Шрифт:
Интервал:
Закладка:
Как часто теперь можно встретить подобный взгляд, не сфокусированный на близлежащем, – в поездах, на парковках, на автобусных остановках, в торговых центрах…
Бывают исторические периоды, когда безумие кажется тем, что оно есть: редким и аномальным недугом. Но бывают и другие времена – подобные тому, в которое мы сейчас вступили, – когда безумие кажется типичным.
Все это было описанием первого из пальцев, которыми нас ущипнул безумец с взъерошенными волосами. Второй палец – сочувствие к образу.

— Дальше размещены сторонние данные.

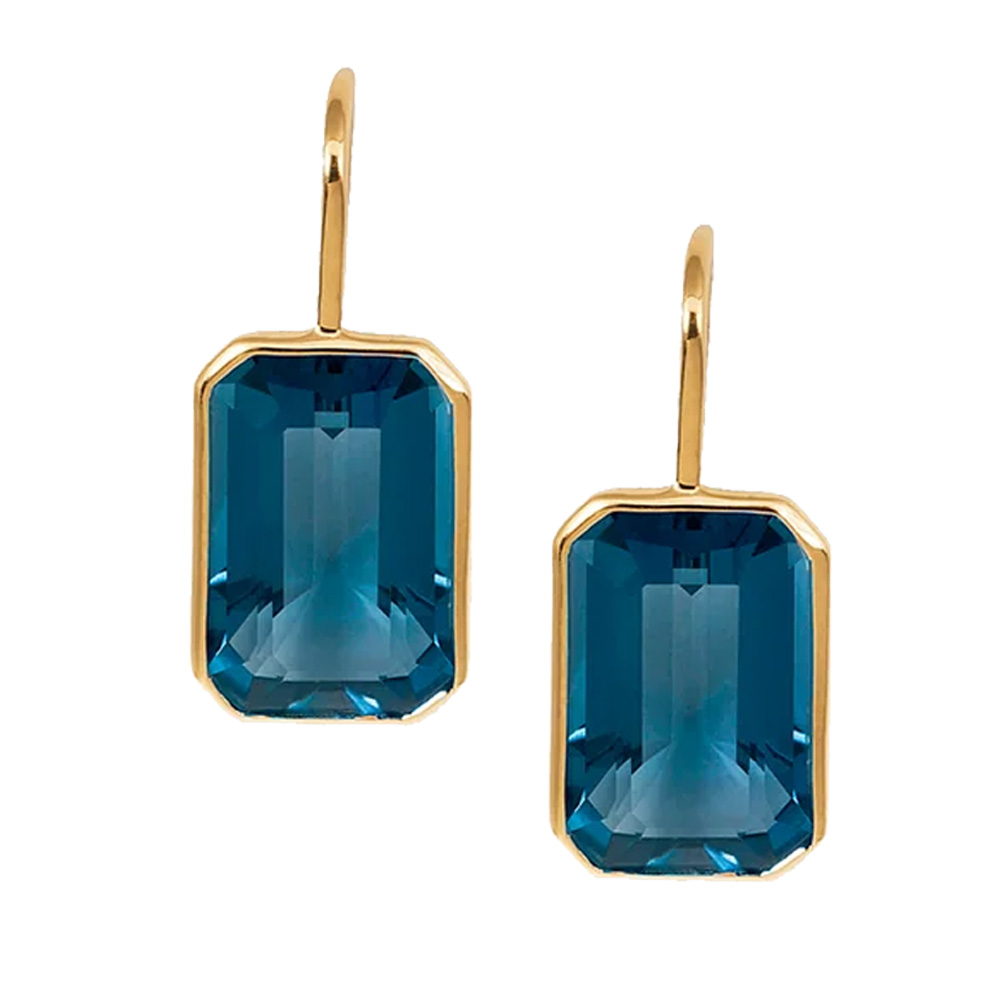 Goshwara 18k Yellow Gold London Blue Topaz Emerald-Cut Drop Earrings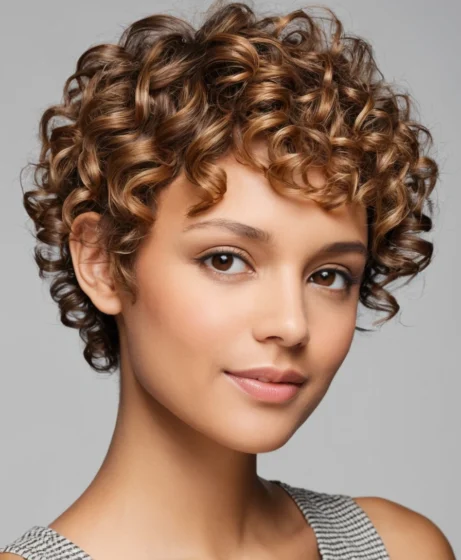 Curly Pixie With Soft Highlights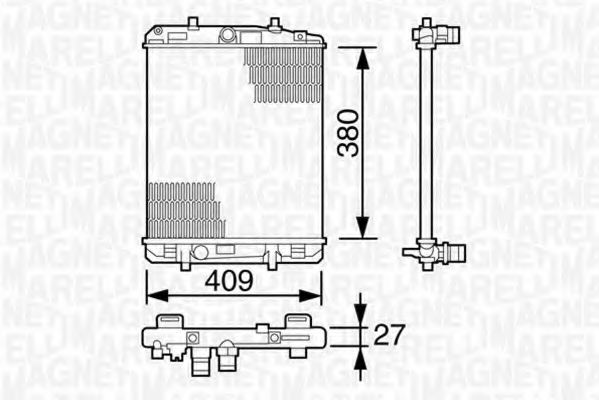 Радиатор, охлаждение двигателя MAGNETI MARELLI 350213387000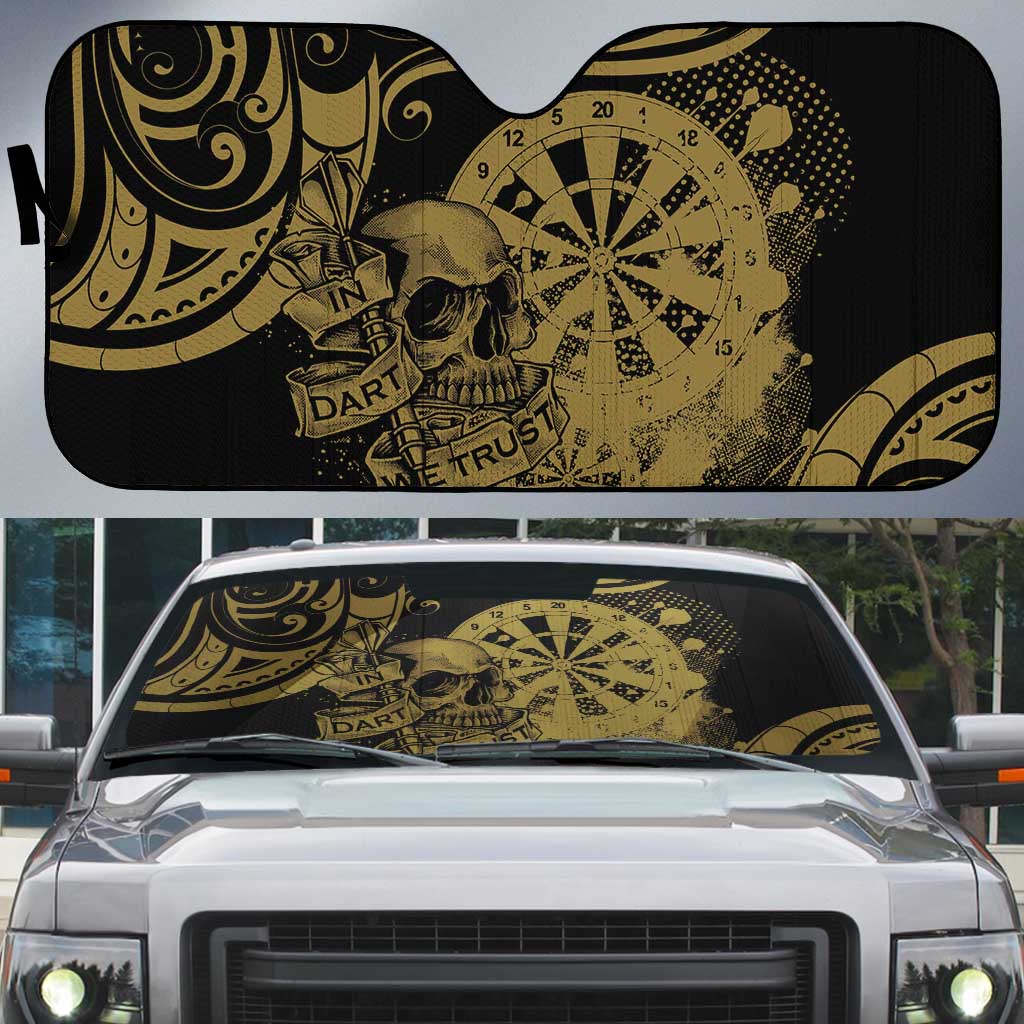 New Zealand Darts Auto Sun Shade Skull In Dart We Trust Maori Pattern LT14 Gold - Polynesian Pride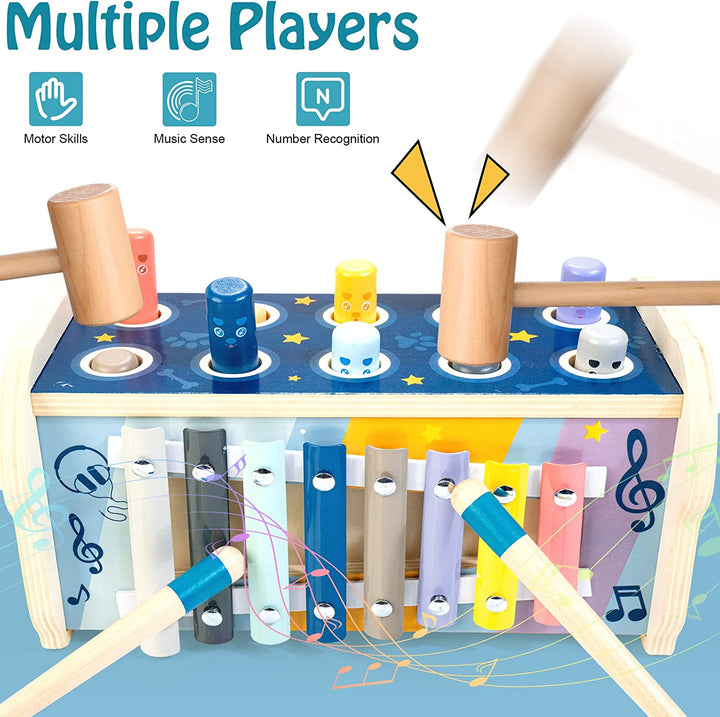 Montessori Pounding Toy for 1 2 Year Olds Wooden Hammering & Activity Board with Xylophone, Number Maze, Pounding Bench Educational Toddler Gift Toys Age 1-3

Постмодернизм обычно не связывают с сочувствием. Однако было бы одновременно и полезно и поучительно попробовать это сделать.
Большинство бунтов в истории преследовали цель восстановить справедливость, которая прежде попиралась или вовсе была забыта. Французская революция, однако, провозгласила новый принцип, подхваченный всем миром: Лучшее Будущее. С этого момента все политические партии, как левые, так и правые, уже не могут обойтись без заверений, что страданий в мире с каждым годом будет все меньше и меньше. Таким образом, все беды и недуги стали в определенном смысле напоминанием о надежде. Боль, которую мы видим, разделяем или сами непосредственно испытываем, разумеется, остается болью, однако может быть отчасти преодолена, если относиться к ней как к шпоре, которая подстегивает общую устремленность к светлому будущему – будущему без боли. Несчастье получило исторический выход! И на протяжении двух трагических столетий даже в трагедии научились видеть проблеск надежды.
Сегодня никаких проблесков нет, надежды обернулись пустыми обещаниями. И было бы близоруко увязывать эту пустоту исключительно с крушением коммунизма. Куда дальновиднее держать в поле зрения непрерывный процесс, в ходе которого всевозможные товары, потеснив светлое будущее, выступают в качестве носителя надежды. Надежды, которая не сулит ничего, кроме пустоты, и к тому же заведомо, по неумолимой экономической логике, исключает огромное большинство человечества. Купить билет на ближайшее ралли Париж – Дакар и вручить его безумцу с взъерошенными волосами означает расписаться в собственном безумии.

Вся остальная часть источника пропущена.